IBI Group to Design Two Stations on Toronto Relief Line
Toronto, ON (December 12, 2018) – The congestion on Toronto’s transit system has been a point of contention for residents for years, and the population in the downtown core is on track to grow 83 percent by 2031. Since 2011, the Line 1 Yonge-University-Spadina subway has been officially over capacity at several stations–felt especially at cross points such as Yonge & Bloor during rush hour.
As of October 19, 2018, days before a municipal election, the Province of Ontario granted notice to proceed with the Relief Line (divided into North and South) following an environmental assessment. Despite the election, it was agreed by several local/regional authorities and politicians on both sides that it would be irresponsible to continue extending the Yonge subway any further north until the Relief Line was complete to alleviate overcrowding.
The Relief Line South will be approximately 6km in length and include a total of eight stations; five new and three modifications to existing stations at Osgoode, Queen and Pape. It will run from University St. at Osgoode Station, along Queen St., moving South to Eastern Ave., then turning up Carlaw to Pape Station on Line 2. IBI Group has been contracted in a joint-venture for the preliminary design of two stations, Broadview and Carlaw, along the new transit line.
“IBI Group is proud to be part of this city building endeavour,” said Director | Senior Practice Lead, Transit Architecture, Charlie Hoang, “and will be providing lead architectural, urban and landscape architecture design, as well as civil engineering services.”
IBI Group is part of 1DRP (1 Design Relief Partners), a joint-venture with Gannett Fleming Canada, to provide conceptual and preliminary design (up to 30 percent) of the Relief Line South.
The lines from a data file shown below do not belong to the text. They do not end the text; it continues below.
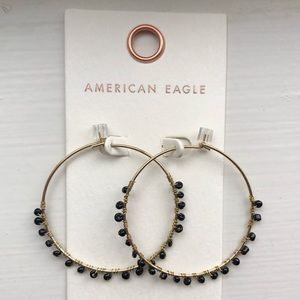 American Eagle hoop earrings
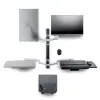 StarTech.com Wall Mount Workstation, VESA Mount For 32 inch Monitors (22lb/10kg), Fully Articulating Single Monitor Mount & Keyboard Tray w/Desktop Computer/PC Bracket, Standing Desk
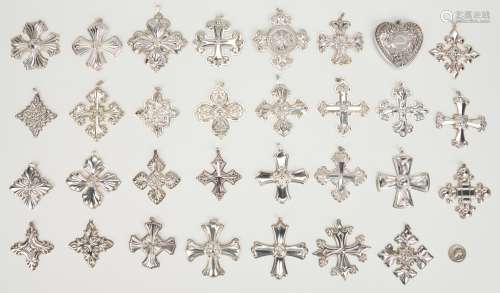 29 Reed & Barton, Towle & Gorham Sterling Crosses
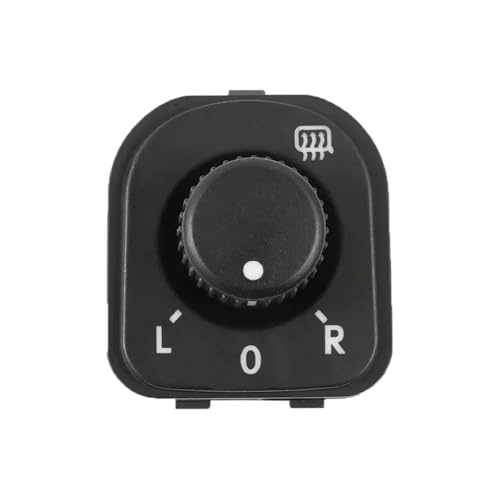 Interrupteur commande rétroviseur en finition noire robuste pour habitacle Tiguan - 4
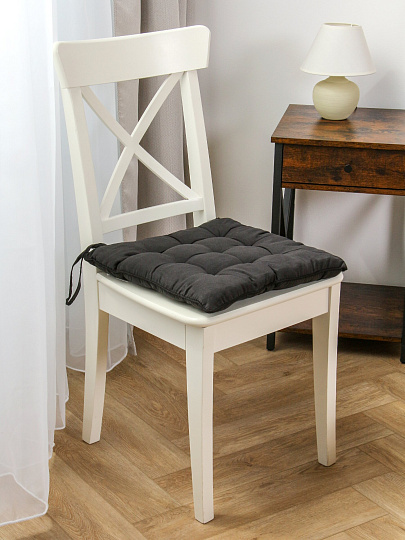 Сиденье мягкое 100%пэ, 40х40 см, черное, A140083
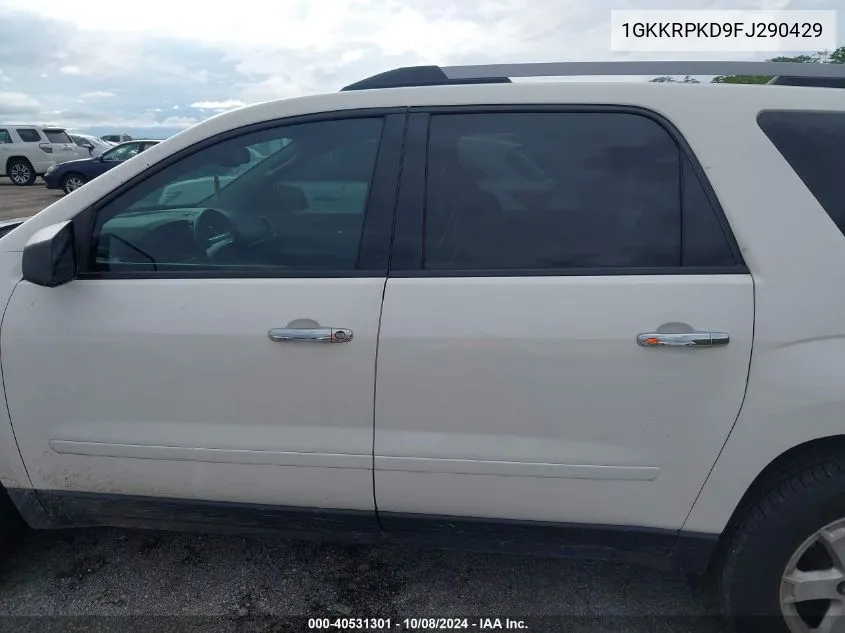 1GKKRPKD9FJ290429 2015 GMC Acadia Sle-2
As part of the JV, IBI will be providing:
- Landscape Architecture
- Interior Design
- Urban Design
- Stormwater Management
- Traffic/Transit Engineering
“Though it is still early to reveal too much about the station design,” said Associate | Manager, Architecture, Welland Sin, who is leading the design of Broadview and Carlaw, “we are excited about the direction its taking–especially since, working at this stage of the project, our reference designs may play a role in guiding the approach and aesthetic of the entire line.”
This line is extremely important in connecting several neighbourhoods on the east side of the city, such as Corktown, Leslieville, and the mouth of the Don Valley, all the way up to the Danforth. Broadview Station, at Eastern and Broadview Avenue, will be connected to the massive, 60-acre East Harbour Development by Great Gulf, the largest commercial project currently planned in Canada. Carlaw Station, located at Queen and Carlaw, will form the turning point of the line, moving north.
Led by the City of Toronto, the TTC and Metrolinx, objectives around the new line include maximizing city-building opportunities around stations, integrating them into the existing urban fabric, serving areas with the most people and jobs now and in the future, supporting local businesses, and providing the public with the best ways to make transfers between the Relief Line South, Subway Line 1, Subway Line 2, and local buses/streetcars.
Fun Fact: though an East/West transit line along Queen Street was first suggested over one hundred years ago, it was also a key component of 2008’s The Big Move, a regional transportation plan that would guide the GTHA’s transportation strategy over the next 25 years; another IBI Group project!